From the entries below, transcribe exactly the lines between the line holding "Imperfect Heart Trucker Hat-Neon Pink/Red" and the line holding "Gilet sans manches ivoire femme", inclusive; skip all other lines.

__Entries provided__:
======

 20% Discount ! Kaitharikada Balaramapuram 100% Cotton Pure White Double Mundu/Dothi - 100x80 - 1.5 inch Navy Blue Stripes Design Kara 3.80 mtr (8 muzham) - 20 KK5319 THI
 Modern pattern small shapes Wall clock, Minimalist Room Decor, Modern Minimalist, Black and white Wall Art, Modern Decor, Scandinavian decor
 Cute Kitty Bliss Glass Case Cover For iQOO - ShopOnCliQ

======

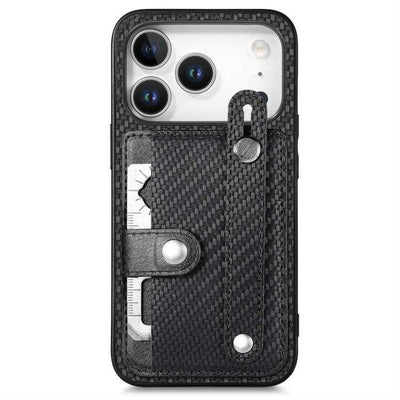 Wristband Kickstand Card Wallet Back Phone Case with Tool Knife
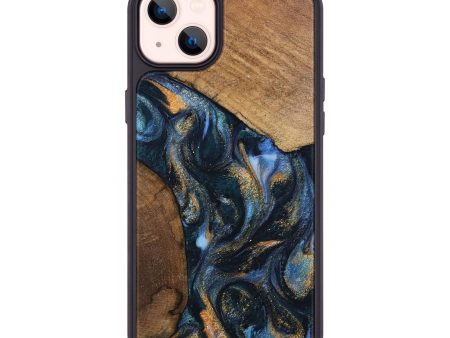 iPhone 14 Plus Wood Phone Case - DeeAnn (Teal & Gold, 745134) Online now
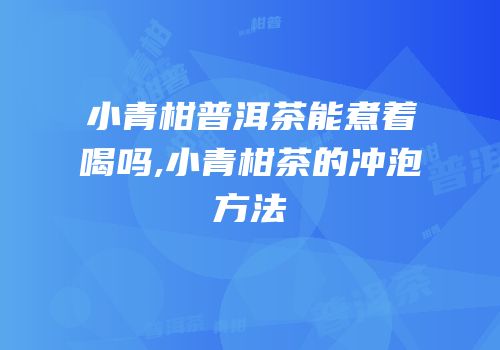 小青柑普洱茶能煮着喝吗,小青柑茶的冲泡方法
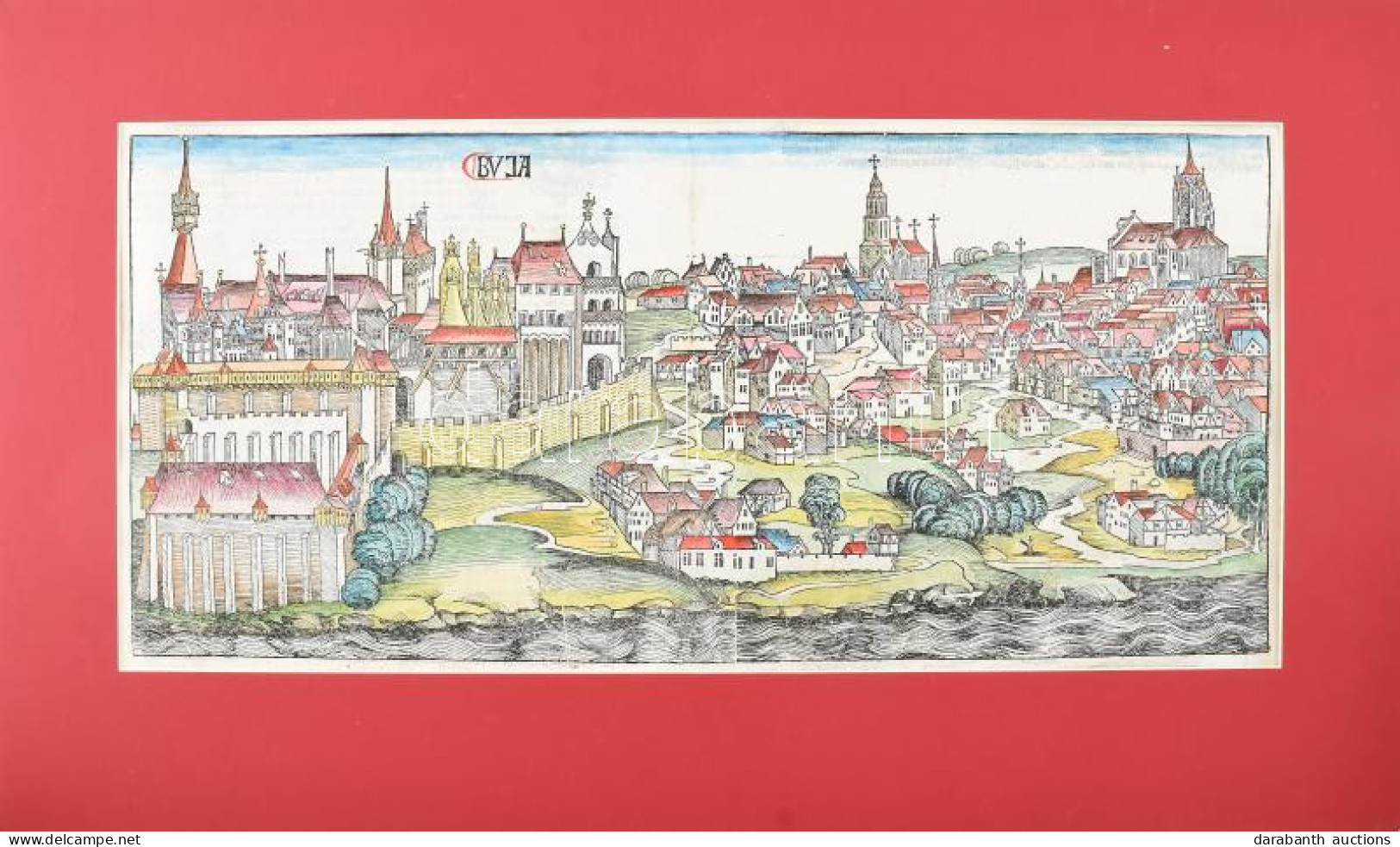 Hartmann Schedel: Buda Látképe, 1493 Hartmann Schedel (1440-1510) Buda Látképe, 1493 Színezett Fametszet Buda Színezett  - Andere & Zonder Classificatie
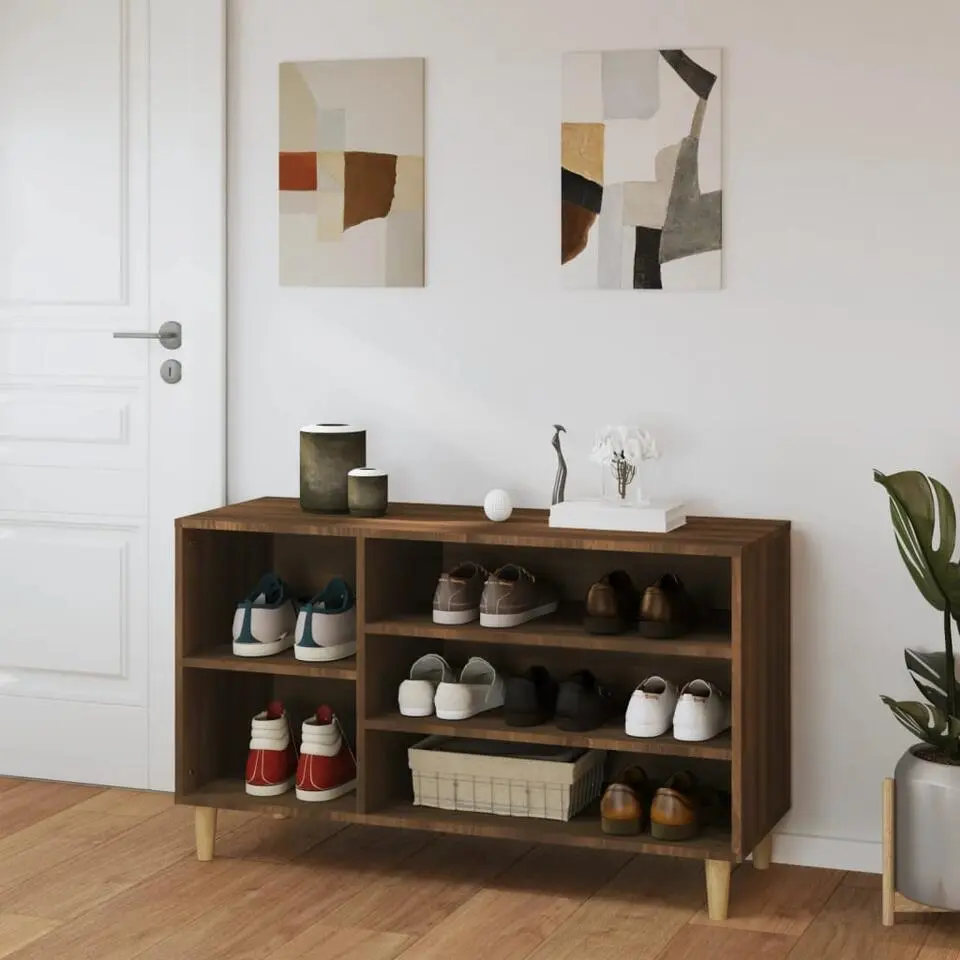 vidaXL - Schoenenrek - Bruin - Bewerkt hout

======

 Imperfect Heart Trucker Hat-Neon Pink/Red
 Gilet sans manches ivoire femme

======

__Solution__:
 Imperfect Heart Trucker Hat-Neon Pink/Red
 Gilet sans manches ivoire femme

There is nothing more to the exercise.